4. Load new data into the source Oracle database

When the copy from the source RDS for Oracle database to the target RDS for PostgreSQL database has started, simulate new data load into the source RDS for Oracle database:

  1. Log in to the first Amazon EC2 instance, with the tag name Ora2pg-blog-EC2InstanceFor-SourceDataLoading, for loading the test data. You can get the EC2 instance’s public DNS value by referring to the output table’s key from the CloudFormation template, that is EC2InstanceForSourceDataLoadingPublicDNS.
  2. Run the following command to load new data into the CUSTOMER table. This command loads new 100 rows into the CUSTOMER table in the source Oracle database.
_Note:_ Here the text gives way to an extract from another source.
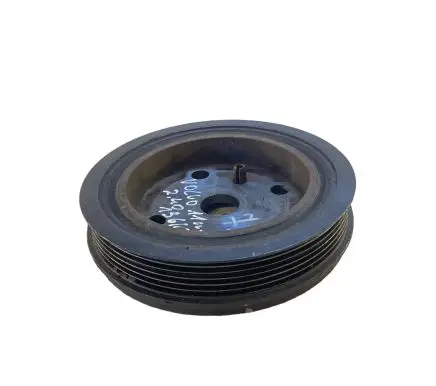 Volvo XC90 Crankshaft pulley 30731865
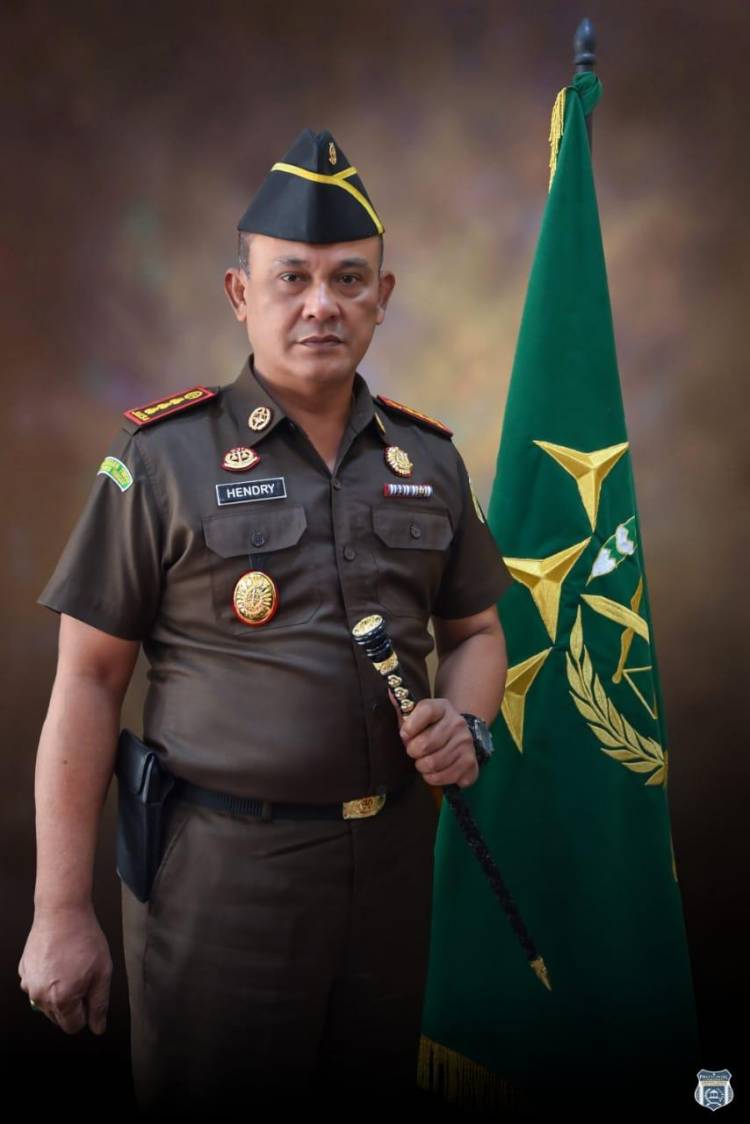 Kejari bentuk Tim Usut Dana Pungli Pembangunan MTsN 2 Padangsidimpuan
Make sure that you run this command in the EC2InstanceForSourceDataLoadingPublicDNS instance.
    cd; date; nohup time sh -x /home/ec2-user/data-loading/scripts/load_tables.sh customer /home/ec2-user/data-loading/input-files/customer/customer.tbl.1.100rows awsorauser awsorauser AWSORA > load_tables_customer_tbl.100rows.log &

    Here, AWSORA is the name of the database that was created in the source RDS for Oracle database.
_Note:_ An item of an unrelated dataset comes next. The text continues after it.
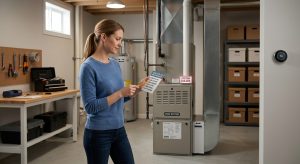 HVAC Emergency: Calm Steps for Sudden System Failure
  3. Run the following command to load new data into the SUPPLIER table. This command loads AN additional 1,000,000 rows into supplier table. Make sure that you run this command in the first EC2 instance.
    cd; date; nohup time sh -x /home/ec2-user/data-loading/scripts/load_tables_supplier.sh supplier /home/ec2-user/data-loading/input-files/supplier/only_supplier_files_tbl.3.lst awsorauser awsorauser AWSORA > only_supplier_files_tbl.2.log &

5. Create the dms-vpc-role IAM role if this doesn’t exist and add an IAM policy

AWS accounts that have never used AWS DMS before get a failure when you create the AWS::DMS::ReplicationSubnetGroup resource using the preceding CloudFormation template. This failure occurs because the dms-vpc-role doesn’t exist. Also, creation of the CloudFormation stack in the next step fails if the dms-vpc-role doesn’t exist or isn’t configured properly.
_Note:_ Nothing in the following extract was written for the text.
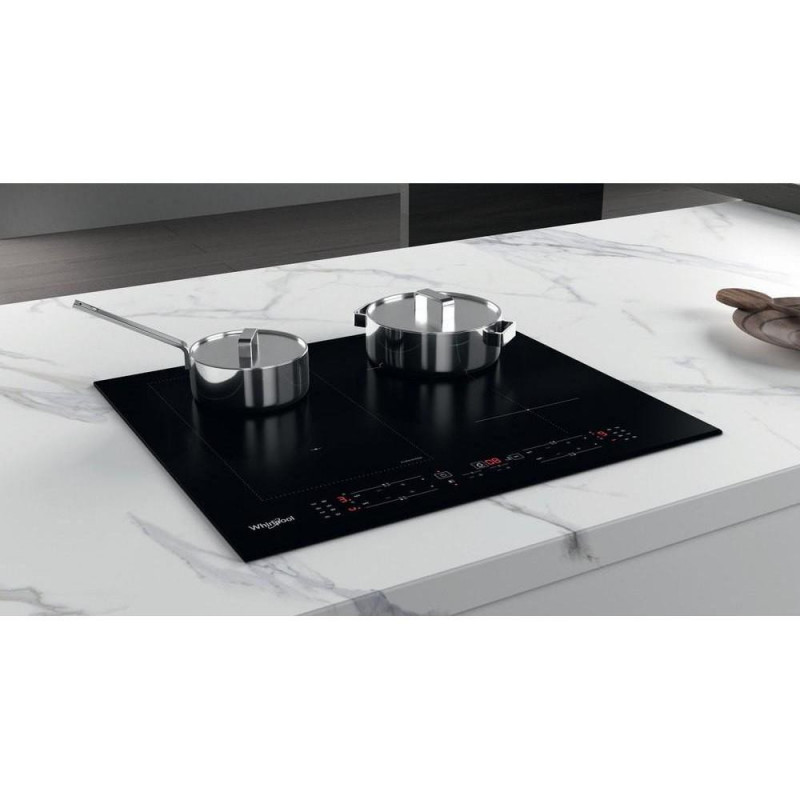 Варочная поверхность электрическая Whirlpool WL B1160 BF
You can check whether this IAM role exists and create it if it doesn’t exist by using the following AWS CLI commands:

  1. Check if the dms-vpc-role IAM role exists using the following CLI command.
    aws iam get-role --role-name dms-vpc-role
  2. Create dms-vpc-role if it doesn’t exist using the following CLI command.
    aws iam create-role --role-name dms-vpc-role --assume-role-policy-document "{\"Version\":\"2012-10-17\",\"Statement\":[{\"Effect\":\"Allow\",\"Principal\":{\"Service\":\"dms.amazonaws.com\"},\"Action\":\"sts:AssumeRole\"}]}"

Next, to accomplish the following steps, attach the AWS managed policy AmazonDMSVPCManagementRole to the dms-vpc-role IAM role using the following CLI command.

aws iam attach-role-policy --role-name dms-vpc-role --policy-arn arn:aws:iam::aws:policy/service-role/AmazonDMSVPCManagementRole

6. Create the AWS DMS source and target endpoints and DMS instance

Using this CloudFormation template, set up the source DMS source endpoint, target endpoint, and DMS replication instance. To launch directly the template through the console, click on the below Launch Stack button:

 

This template takes the following parameters. Some of the parameters are predefined, and you can’t edit these. For some of the parameters, you need to provide the values. The table gives details.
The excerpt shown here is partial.